Seriously, never tell a child that. Ever. Or anyone. It’s not devotional. It is manipulative and cruel.
But 50 came and went without hearing any news, and I felt so much relief. Like maybe he was getting better and maybe he wouldn’t actually try to kill himself. But I still kept hearing stories of him playing out the exact same destructive relationship patterns, so I knew not enough had changed.
And then finally, in April 2019, the news I had been expecting up until about five years earlier finally came. He was unsuccessful, but I was still devastated and disappointed, and even felt abandoned and manipulated all over again.
So I drew “It’s Raining Again”, where a lotus bud remains unopened under a rainy sky, while one bird sits on one lotus leaf, looking sadly at the empty lotus leaf on the other side of the scene. In the brambles below, other birds’ heads can be seen watching the situation, but staying uninvolved.
Black Sheep

Iroshizuku “Yamabudo” ink on Tomoe River paper and white gel ink on black paper. 8″x10″.

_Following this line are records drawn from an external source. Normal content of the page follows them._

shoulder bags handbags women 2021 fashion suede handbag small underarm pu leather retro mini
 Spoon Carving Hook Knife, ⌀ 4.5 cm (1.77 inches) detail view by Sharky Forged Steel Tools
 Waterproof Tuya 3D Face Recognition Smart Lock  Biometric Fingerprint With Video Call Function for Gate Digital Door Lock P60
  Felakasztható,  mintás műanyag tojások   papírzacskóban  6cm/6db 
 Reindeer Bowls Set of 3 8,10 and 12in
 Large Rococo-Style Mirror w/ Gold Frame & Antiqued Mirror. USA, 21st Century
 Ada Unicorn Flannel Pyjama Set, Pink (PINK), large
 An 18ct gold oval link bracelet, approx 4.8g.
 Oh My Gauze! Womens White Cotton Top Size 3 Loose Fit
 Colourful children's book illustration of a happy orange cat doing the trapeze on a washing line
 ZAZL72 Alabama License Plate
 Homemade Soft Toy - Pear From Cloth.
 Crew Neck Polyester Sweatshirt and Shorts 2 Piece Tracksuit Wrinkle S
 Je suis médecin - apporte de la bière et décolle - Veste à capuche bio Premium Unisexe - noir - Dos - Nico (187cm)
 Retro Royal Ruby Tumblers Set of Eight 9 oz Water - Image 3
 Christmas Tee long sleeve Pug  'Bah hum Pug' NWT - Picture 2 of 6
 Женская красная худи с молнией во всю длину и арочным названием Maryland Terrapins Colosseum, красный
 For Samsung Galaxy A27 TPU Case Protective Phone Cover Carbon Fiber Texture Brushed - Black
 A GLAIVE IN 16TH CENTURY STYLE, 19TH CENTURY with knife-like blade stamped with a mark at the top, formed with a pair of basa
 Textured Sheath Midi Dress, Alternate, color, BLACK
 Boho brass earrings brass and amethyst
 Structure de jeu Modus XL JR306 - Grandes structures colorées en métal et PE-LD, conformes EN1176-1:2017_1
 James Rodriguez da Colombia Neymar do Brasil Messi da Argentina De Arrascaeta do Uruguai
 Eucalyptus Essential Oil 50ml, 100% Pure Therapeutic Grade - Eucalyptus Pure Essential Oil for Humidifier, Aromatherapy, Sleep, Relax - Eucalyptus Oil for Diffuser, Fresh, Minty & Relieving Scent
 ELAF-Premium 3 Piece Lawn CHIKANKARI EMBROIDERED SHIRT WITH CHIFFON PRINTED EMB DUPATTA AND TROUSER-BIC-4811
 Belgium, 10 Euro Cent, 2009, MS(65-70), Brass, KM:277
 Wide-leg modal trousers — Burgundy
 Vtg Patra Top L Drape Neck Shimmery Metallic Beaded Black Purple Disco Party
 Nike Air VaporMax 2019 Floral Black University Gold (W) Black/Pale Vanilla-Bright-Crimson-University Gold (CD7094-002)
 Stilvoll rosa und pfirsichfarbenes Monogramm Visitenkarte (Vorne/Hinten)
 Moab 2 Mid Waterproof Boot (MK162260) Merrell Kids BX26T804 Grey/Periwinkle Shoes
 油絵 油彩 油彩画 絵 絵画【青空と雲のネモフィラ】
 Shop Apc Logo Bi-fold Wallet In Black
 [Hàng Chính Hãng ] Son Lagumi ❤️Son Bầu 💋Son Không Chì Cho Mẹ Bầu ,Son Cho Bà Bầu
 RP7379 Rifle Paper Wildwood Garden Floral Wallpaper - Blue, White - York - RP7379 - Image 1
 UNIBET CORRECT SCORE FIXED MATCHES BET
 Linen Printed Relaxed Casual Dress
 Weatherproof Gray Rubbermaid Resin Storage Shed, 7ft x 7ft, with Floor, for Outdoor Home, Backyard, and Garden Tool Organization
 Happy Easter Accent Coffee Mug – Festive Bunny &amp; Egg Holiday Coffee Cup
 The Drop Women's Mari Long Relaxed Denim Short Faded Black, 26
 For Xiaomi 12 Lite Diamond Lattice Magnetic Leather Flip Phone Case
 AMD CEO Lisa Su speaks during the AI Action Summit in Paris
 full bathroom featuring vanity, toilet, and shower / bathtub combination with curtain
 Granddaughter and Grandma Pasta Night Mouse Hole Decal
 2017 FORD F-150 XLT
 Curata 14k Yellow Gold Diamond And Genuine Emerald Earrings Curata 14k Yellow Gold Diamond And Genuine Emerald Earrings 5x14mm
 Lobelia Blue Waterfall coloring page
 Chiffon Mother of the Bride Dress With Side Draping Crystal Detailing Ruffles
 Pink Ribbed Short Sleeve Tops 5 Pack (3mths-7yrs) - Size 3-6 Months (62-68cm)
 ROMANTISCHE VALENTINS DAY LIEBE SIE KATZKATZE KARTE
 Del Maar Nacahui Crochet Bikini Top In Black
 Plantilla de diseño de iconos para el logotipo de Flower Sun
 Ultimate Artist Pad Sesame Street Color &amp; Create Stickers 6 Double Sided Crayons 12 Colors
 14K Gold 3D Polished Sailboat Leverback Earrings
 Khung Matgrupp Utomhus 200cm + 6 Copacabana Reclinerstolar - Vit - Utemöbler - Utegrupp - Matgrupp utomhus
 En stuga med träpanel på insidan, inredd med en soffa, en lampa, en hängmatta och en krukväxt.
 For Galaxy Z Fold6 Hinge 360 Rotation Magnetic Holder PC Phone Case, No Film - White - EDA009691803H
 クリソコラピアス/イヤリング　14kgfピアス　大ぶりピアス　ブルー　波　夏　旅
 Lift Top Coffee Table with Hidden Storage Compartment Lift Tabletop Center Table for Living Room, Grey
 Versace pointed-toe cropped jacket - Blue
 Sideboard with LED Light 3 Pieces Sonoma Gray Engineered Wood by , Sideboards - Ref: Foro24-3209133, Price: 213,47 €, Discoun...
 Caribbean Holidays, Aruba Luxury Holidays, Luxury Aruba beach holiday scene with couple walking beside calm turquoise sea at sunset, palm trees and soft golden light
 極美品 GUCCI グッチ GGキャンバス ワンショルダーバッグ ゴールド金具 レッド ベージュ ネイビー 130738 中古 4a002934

Exhibited at Rainbow on the Eastside 2023. $150. To purchase, contact hello@thegardenofbirds.com
TW: Homophobia
When the live action remake of Beauty and the Beast came out in 2017, I was still living with my parents right after college, and I overheard my stepdad banning my younger brothers from seeing the movie purely because Gaston’s sidekick had a crush on him and that was too explicit for my teenage brothers.
I was furious, but since I was still relying on my parents for support right after college, I was also powerless to even express how upset this made me. So at night, I took every photo of myself hanging everywhere downstairs and destroyed them all (it was never noticed or at least commented on) and drew “Black Sheep”, as a way to express fury in a language only I understood and could safely display.
This is the only piece I have where the bird is inversed, drawn in white ink on black paper.